Title: Meta-learning: Something Old and Something New
Meta learning or learning to learn is a theme that has been around for several decades. In the current data-driven paradigm, meta-learning has reemerged as a promising methodology for designing intelligent systems. In this talk, I will take a more general view of meta-learning in the context of traditional model-based approaches and recent data-driven methods for solving computer vision tasks. I will discuss meta-learning methods for designing supervisors for image understanding systems, self- healing trackers, and discuss more recent methods for domain generalization, zero-shot detection, and bias mitigation. Two challenging computer vision problems that need meta-learning methods will then be presented. I will conclude the talk by pointing out some of the shortcomings of meta-learning techniques as they are practiced today.

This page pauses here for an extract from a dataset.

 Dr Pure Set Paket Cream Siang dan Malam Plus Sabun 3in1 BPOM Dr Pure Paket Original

7. Walter Scheirer, University of Notre Dame

Walter J. Scheirer received the M.S. degree in computer science from Lehigh University, USA, in 2006 and the Ph.D. degree in engineering from the University of Colorado, Boulder, Colorado, USA, in 2009. He is currently an Associate Professor with the Department of Computer Science and Engineering, University of Notre Dame, USA. Prior to that, he was a Post-Doctoral Fellow with Harvard University, USA, and a Research Assistant Professor with the University of Colorado, USA. His research interests include computer vision, machine learning, biometrics, and digital humanities.

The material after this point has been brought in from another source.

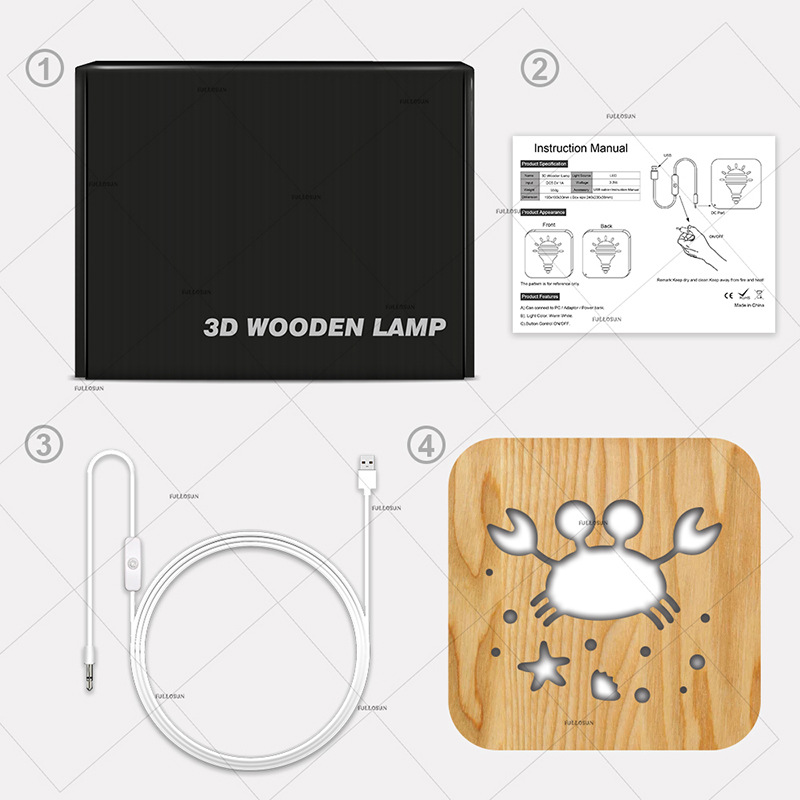 跨境小螃蟹创意产品 新奇特usb小夜灯 LED 3D灯FS-T1857W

Title: Representational Dissimilarity Analysis as a Tool for Neural Network Model Search
Neuroscience theory posits that the brain’s visual system coarsely identifies broad object categories via neural activation patterns, with similar objects producing similar neural responses. Artificial neural networks also have internal activation behavior in response to stimuli. It can be hypothesized that networks exhibiting brain-like activation behavior will demonstrate brain-like characteristics, e.g., stronger generalization capabilities. This talk introduces a human-model similarity (HMS) metric, which quantifies the similarity of human fMRI and network activation behavior. To calculate HMS, representational dissimilarity matrices (RDMs) are created as abstractions of activation behavior, measured by the correlations of activations to stimulus pairs. HMS is then the correlation between the fMRI RDM and the neural network RDM across all stimulus pairs. The metric is tested on unsupervised predictive coding networks, which specifically model visual perception, and assessed for statistical significance over a large range of hyperparameters. The experiments show that networks with increased human-model similarity are correlated with better performance on two computer vision tasks: next frame prediction and object matching accuracy. Further, HMS identifies networks with high performance on both tasks. An unexpected secondary finding is that the metric can be employed during training as an early-stopping mechanism.

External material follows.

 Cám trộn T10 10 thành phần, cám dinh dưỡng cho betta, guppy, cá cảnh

8. Hien Van Nguyen, University of Houston

Hien Van Nguyen is a tenure-track Assistant Professor (2016-Present). He did his Ph.D from University of Maryland (2013). He has co-authored 40+ journals, conference papers & workshops, book chapters, and 15+ patents. He has worked at Uber Self-Driving Car Division, Siemens Corporate Research, Army Research Lab, Mitsubishi Electric Research Lab. He is also among the top 3 authors in non-linear dictionary learning based on ISI Web of Knowledge and Google Scholar.

Title: Meta-Learning for Medical Image Analysis
Accenture estimated that artificial intelligence (AI) could save the healthcare industry $150 billion annually by 2026. Despite the great promise, AI models’ development and deployment face a significant challenge of data heterogeneity. Specifically, AI models trained on data from one hospital will likely suffer from accuracy drops (biases) when performing on data coming from another hospital. For example, an algorithm developed at a hospital with a mostly Caucasian patient population will not achieve the same accuracy on minority patients from a local clinic. Meta-learning is a promising framework to mitigate the above-mentioned problem. In this talk, I will give a brief introduction to contemporary meta-learning algorithms, and show their applications to biomedical image analysis.